* What is needed
Each line in the material below, starting at the one that contains "V1 Media Limited: Leading" and ending at the one that contains "K5019-AF05 - 8MM", should be repeated exactly; the pictures should not.

* Input

==================================================

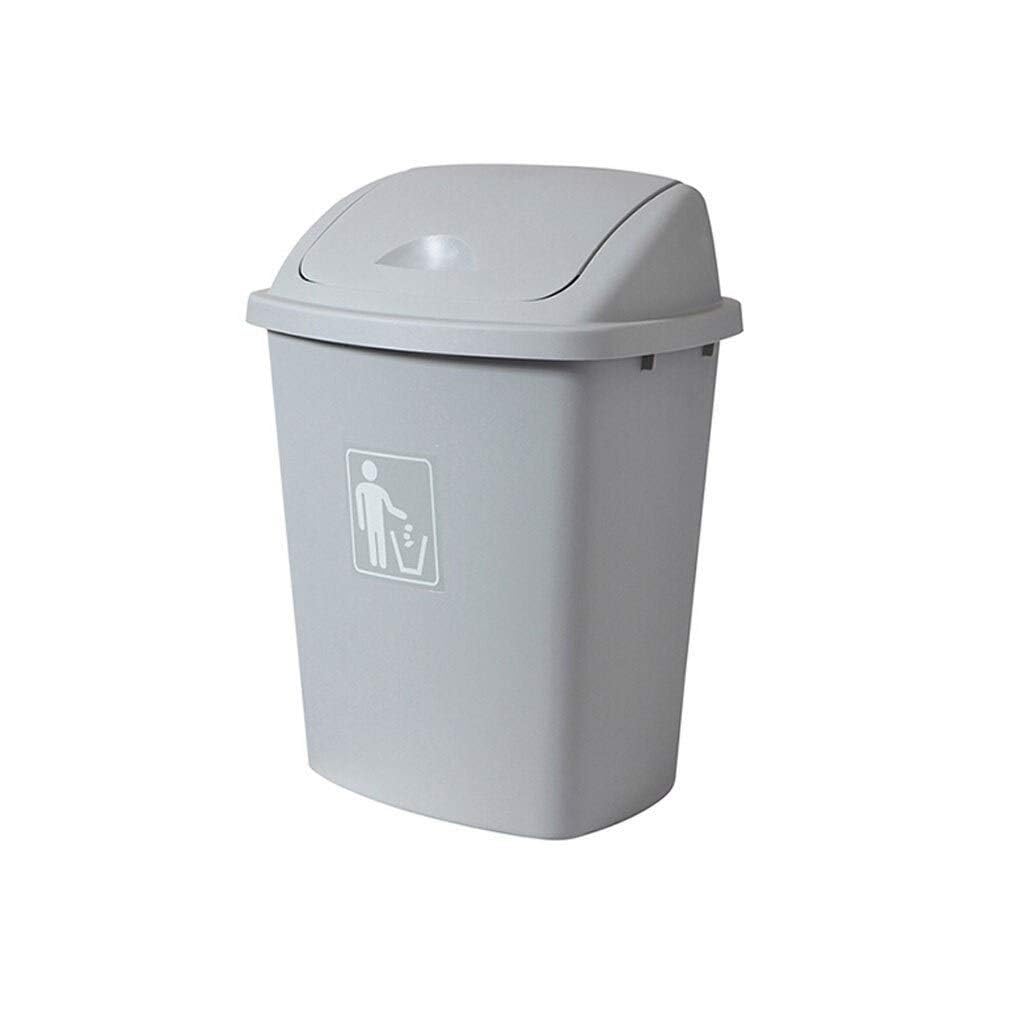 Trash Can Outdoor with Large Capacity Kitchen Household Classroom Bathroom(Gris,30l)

==================================================

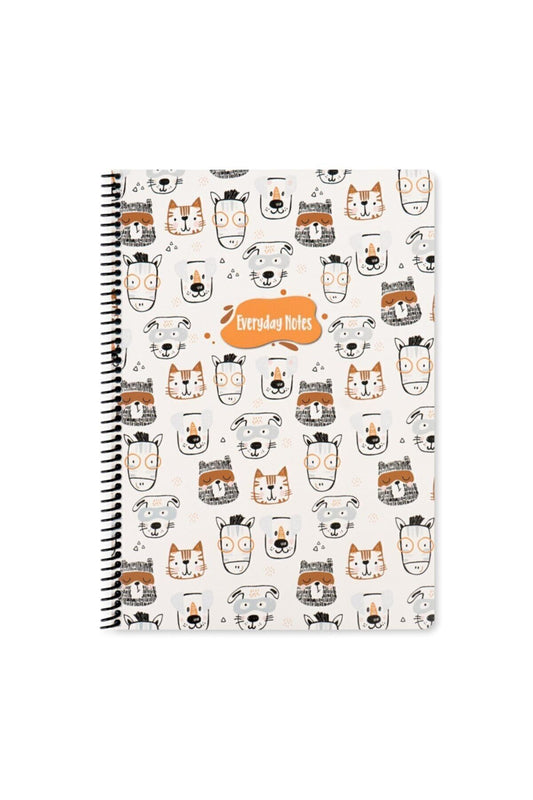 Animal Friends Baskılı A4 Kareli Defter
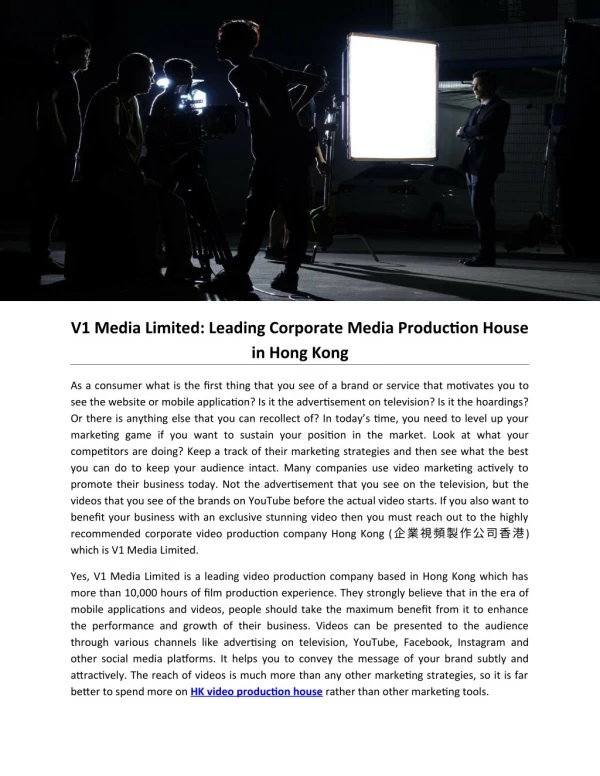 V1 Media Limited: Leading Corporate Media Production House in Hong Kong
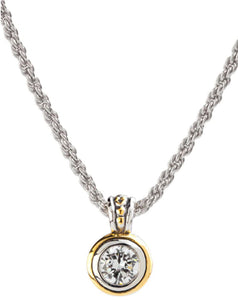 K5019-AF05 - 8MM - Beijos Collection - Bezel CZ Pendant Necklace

==================================================

* Expected output
 V1 Media Limited: Leading Corporate Media Production House in Hong Kong
 K5019-AF05 - 8MM - Beijos Collection - Bezel CZ Pendant Necklace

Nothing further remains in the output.